## Input data:

----------

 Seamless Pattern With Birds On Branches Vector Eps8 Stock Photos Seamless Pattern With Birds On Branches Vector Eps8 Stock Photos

----------

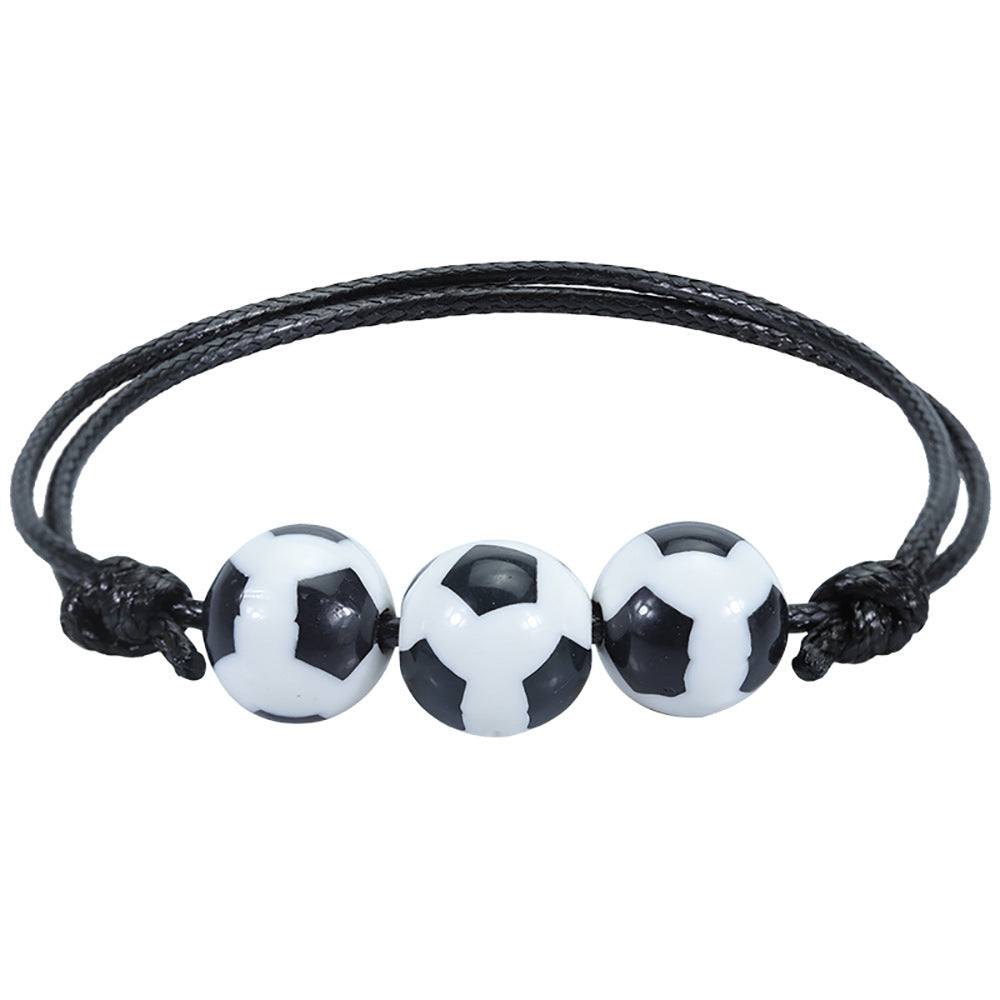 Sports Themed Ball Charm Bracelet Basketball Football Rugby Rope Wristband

----------

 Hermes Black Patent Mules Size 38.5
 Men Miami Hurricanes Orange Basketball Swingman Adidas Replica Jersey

----------

Looking at the records above, return exactly the lines from the line with "Hermes Black Patent Mules Size 38.5" to the line with "Men Miami Hurricanes", both ends included.

## Completed exercise:
 Hermes Black Patent Mules Size 38.5
 Men Miami Hurricanes Orange Basketball Swingman Adidas Replica Jersey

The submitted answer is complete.